Pair hail course as life changing

New goals: Hugh Bason, left, and Matthew Wright said no-one was fat, skinny, black or white on the six-week volunteer course
New goals: Hugh Bason, left, and Matthew Wright said no-one was fat, skinny, black or white on the six-week volunteer course

Two Blenheim men who joined the Limited Service Volunteer training course at Burnham say it was the best thing anyone could do with their lives.

Hugh Bason, 19, and Matthew Wright, 23, both came away from the six-week course with awards and the knowledge they were better people.

Mr Wright said he knew he was not on the right track and had decided to do something about it.

"I was hanging around, smoking drugs, not doing much with my life - just wasting away," he said.

"I knew I was better, so I went and did something that I knew would change it. And it did. It's amazing, the feeling of completion. There's no better feeling."

The boot-camp style training course aims to give young people aged 18 to 25 the life skills and determination to turn their lives around.

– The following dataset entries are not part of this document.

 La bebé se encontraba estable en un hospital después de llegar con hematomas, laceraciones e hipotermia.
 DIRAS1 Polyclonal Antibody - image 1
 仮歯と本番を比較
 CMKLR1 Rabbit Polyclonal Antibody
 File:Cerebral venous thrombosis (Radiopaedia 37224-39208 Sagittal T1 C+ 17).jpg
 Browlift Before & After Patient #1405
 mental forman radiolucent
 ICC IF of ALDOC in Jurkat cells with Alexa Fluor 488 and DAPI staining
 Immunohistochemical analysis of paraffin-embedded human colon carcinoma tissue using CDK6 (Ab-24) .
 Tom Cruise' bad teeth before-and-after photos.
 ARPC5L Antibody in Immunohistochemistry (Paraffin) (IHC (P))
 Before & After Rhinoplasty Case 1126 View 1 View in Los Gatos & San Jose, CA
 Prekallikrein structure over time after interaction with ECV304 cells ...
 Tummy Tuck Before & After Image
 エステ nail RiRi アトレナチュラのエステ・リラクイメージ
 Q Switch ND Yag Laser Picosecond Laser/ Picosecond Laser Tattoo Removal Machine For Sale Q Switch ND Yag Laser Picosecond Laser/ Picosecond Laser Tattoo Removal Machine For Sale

For Mr Bason, it was a stepping stone to joining the military.

Although already relatively fit, he was amazed at how much fitter he became.

"The hardest thing was the mental barriers in front of everything," Mr Bason said.

"Some of the runs you'd normally give up, but you would push through it because you had the motivation to keep going.

"By the end you're amazed by how much you can do."

For Mr Wright, learning to deal with conflict among his group was a challenge.

"It's about getting the whole group to be happy," he said.

"You put the problems on the table and you resolve it or come to an agreement. That's how you deal with it; no fisticuffs."

Not smoking for hours also tested him.

"Seven hours without a cigarette," he said. "I did not know I could get that cranky."

He is moving to Christchurch on Sunday to start six months at Placemakers, earning a frame and truss qualification.

"I'm heading towards being a fully qualified carpenter so I can build my own house," he said.

"That was the greatest achievement for me. I did not have a goal. I didn't have an orientation for life. Now I've got drive and something to achieve."

When the course finished on November 24, both men came away with awards. Mr Wright was awarded the platoon choice award while Mr Bason was given the top of the platoon award voted by his leaders.

They gave a talk to clients of Work and Income New Zealand in Blenheim yesterday to share their stories.

Mr Bason said he wanted people to know how much it changed you.

"It's the best thing anyone can do with their lives, to be honest."